Commons vs. Differences
It became clear at the Convening that the challenges we are facing can be quite similar or wholly different. In Alberto Sandoval-Sánchez and Nancy Saporta Sternbach’s 2001 seminal book, Stages of Life: Transcultural Performance & Identity in U.S. Latina Theater, they characterized the different generations of Latinx theatre thematically, and they addressed generational change as one of the key themes characterizing Latinx theatre. Coming full circle over fifteen years later, the issue of generational divide was made explicit at the Convening and played out more so in conversations about theatremaking than as a subject matter within the storylines of the productions. Even as the LTC strives to remain nimble and adaptive to the ever-changing political climate and arts field, it became evident that some convening participants viewed some of the choices of the LTC as establishment. The Encuentro showcased long-established US theatremakers, all of which have existed for at least twenty years and represent to a younger generation a stronghold on Latinx theatre. With the call for the “elders” to step aside to make room for the “millennials” balanced with Diane Rodriguez’s question of how we can make a long-term career (and living) in the theatre, the convening opened up the question of how to put generations in dialogue and how to share space across cultural differences beyond those of nation and ancestry but also of technology and community.
Great care was taken to attend to gender inclusivity, with pronouns asked of participants during the online application process and gender-designation buttons available at registration. With the name shift from the Latina/o Theatre Commons to the Latinx Theatre Commons, and the work at every convening and communication towards gender inclusivity, there is much to celebrate with the LTC as a model for equity, diversity, and inclusion. Despite this effort, some conveners felt there was little genderqueer, transgender, and gender non-conforming representation onstage, even less representation of non-heterosexual relationships, and were concerned about no gender-neutral restrooms designated in the building. Some expressed how the Convening did not offer enough space in the schedule for addressing issues of representation in certain productions in conversation and critique. In a similar vein, some conveners expressed anticipation of future events with programming that includes more mixed race and Afro-Latinx peoples. The Convening demonstrated that we can come together as artists and scholars across nationalities and languages, but it also showed that when together, we cannot just reflect and share.

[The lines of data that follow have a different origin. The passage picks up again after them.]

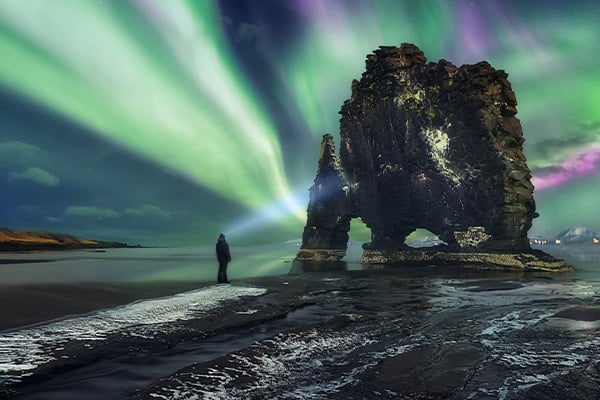 Person looking at rock formation and northern lights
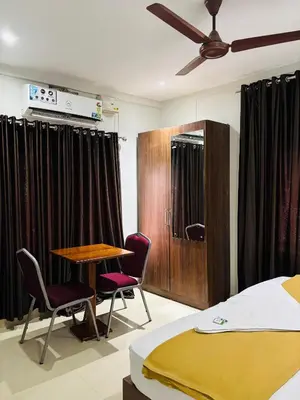 a bedroom with a bed and a table and chairs at Hotel Malabar Grand in Perintalmanna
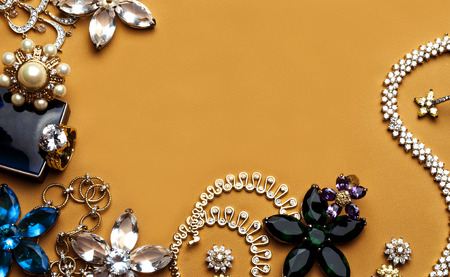 Beautiful jewelry with precious stones for women on a pink backgroundの写真素材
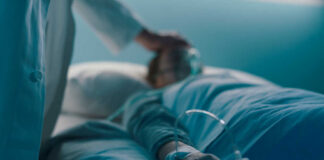 A medical professional attending to a patient in a hospital bed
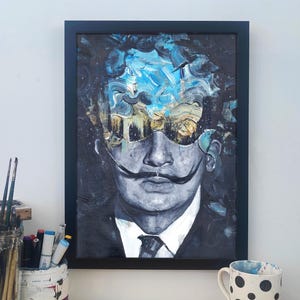 May include: A framed painting of a man with a moustache and sunglasses. The background is a blue and white abstract design.
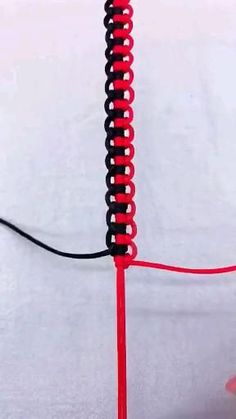 a red and black object with wires attached to it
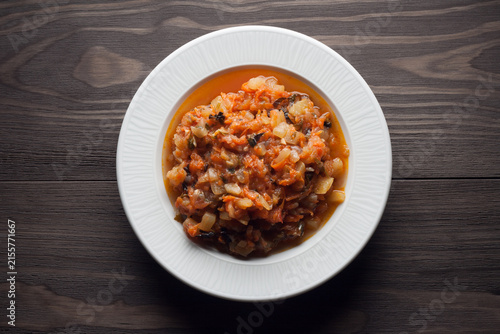 Stewed zucchini diced with onions, carrots, tomatoes and basil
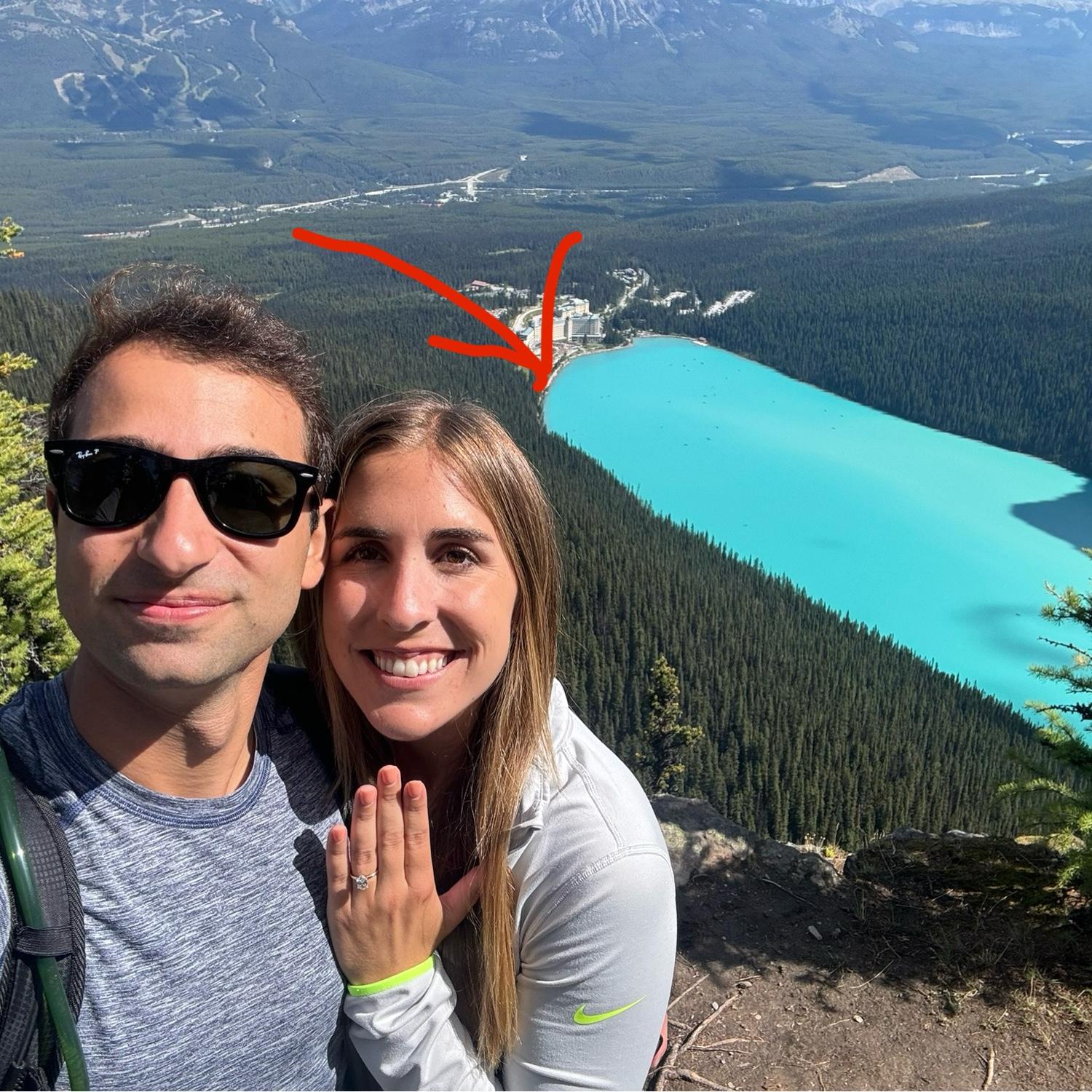 Posing in front of Lake Louise where we got engaged from the top of the mountain.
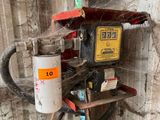 a picture of an old gas pump in the corner of a building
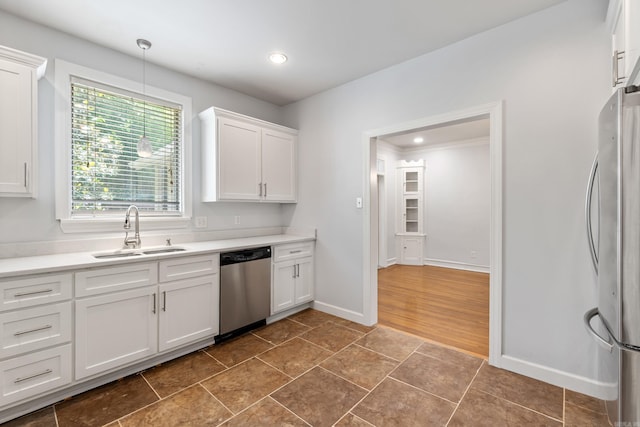 111 Midland St, Little Rock, AR 72205 - kitchen with appliances with stainless steel finishes, a sink, white cabinetry, light countertops, and decorative light fixtures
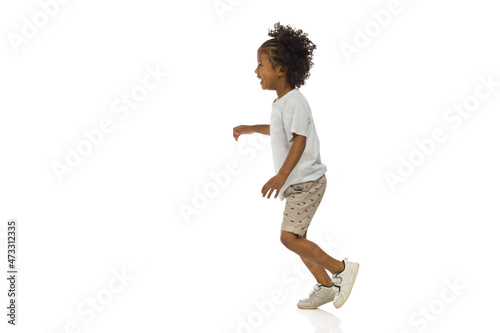 Smiling little black boy is running. Side view. Full length, isolated.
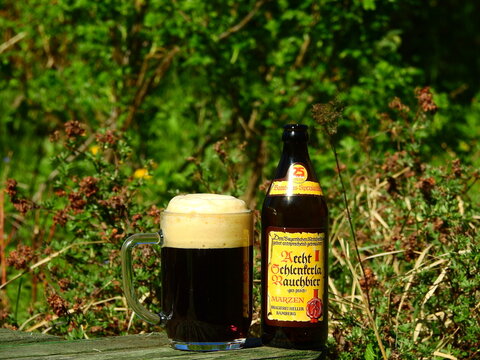 Bottle of Aech Schlenkerla Rauchbeer specialty smoked craft beer on table in early spring garden - Taldom, Russia - May 17, 2019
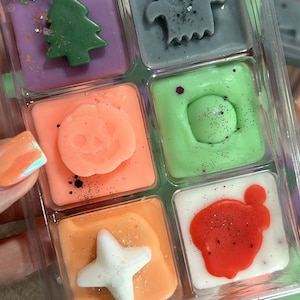 May include: A clear plastic clamshell container holding six square wax melts in various colours. The wax shapes include a green Christmas tree, a grey ghost, an orange jack-o'-lantern, a green circle, a white star, and a white square with red wax.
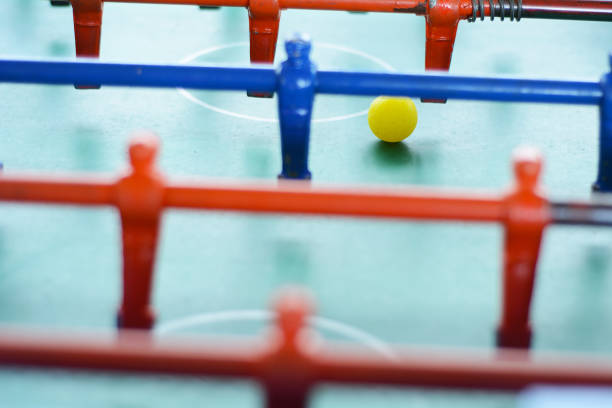 istock Soccer table game, blue foosball player. 998081148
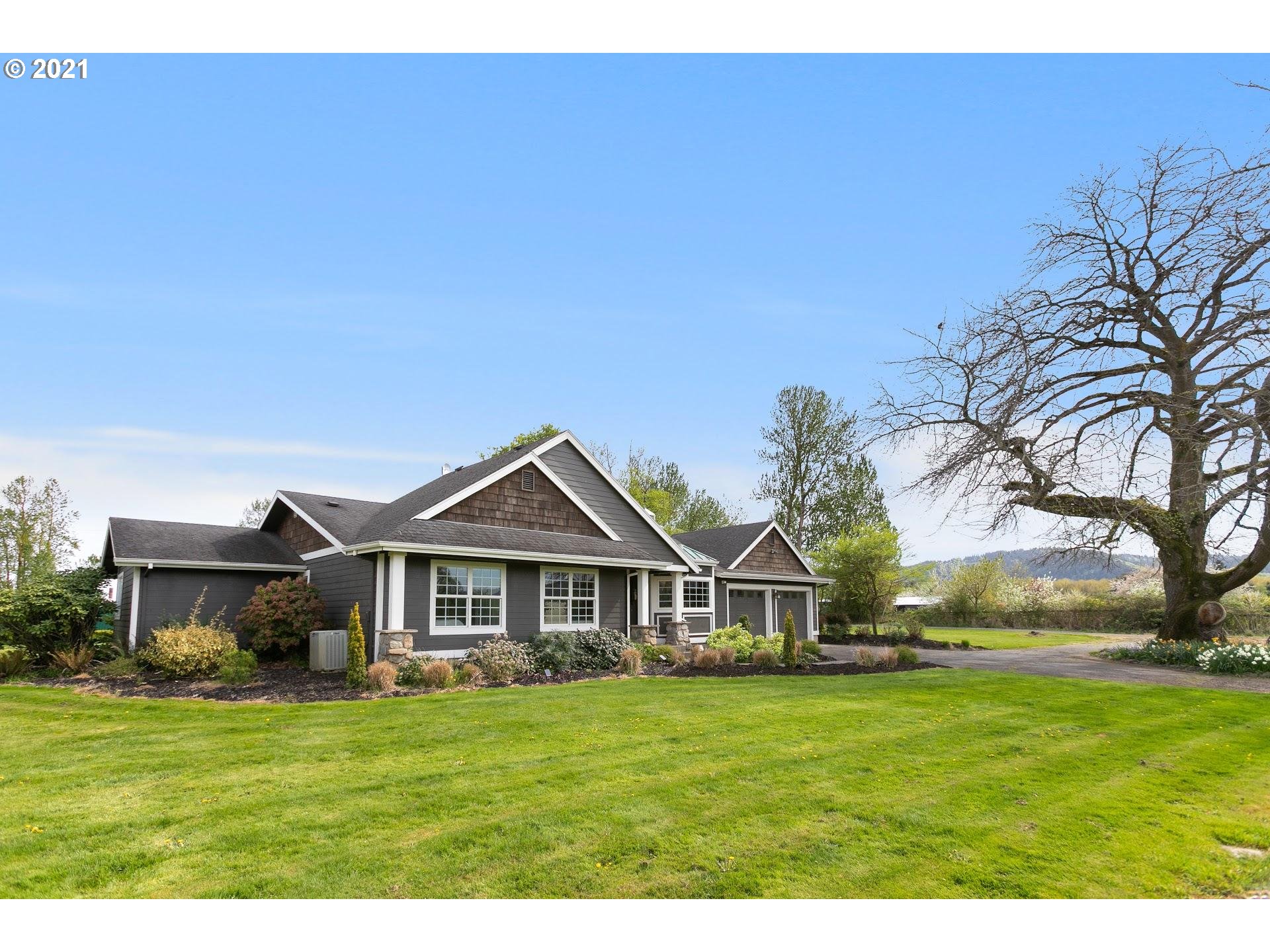 15620 Northwest Gillihan Road Portland, OR 97231 - Photo 28 of 29 a front view of a house with a garden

We have the responsibility to advance the conversation and the actions taken toward equity and inclusion.
The productions, the large group sessions, the small groups, the cafecitos, the hallway encuentros, the lobby gatherings, and late-night parties throughout the weekend represent the myriad of exchanges and spaces of the Convening. The Convening’s expansion of the circle outward across continents caused each of us to look inward. While there was theatremaking, celebration, networking, and reflection at the 2017 LTC International Convening, as practitioners and scholars of Latinx, Latin American, Central, and South American theatre, we must continue to not only create spaces for deep reflection but to create programming that activates radical inclusion in Latinx theatre across the Américas. The Convening charges us to continue to build on LTC’s foundation of empathy and inclusion to model radical inclusion and equity. The LTC is ready.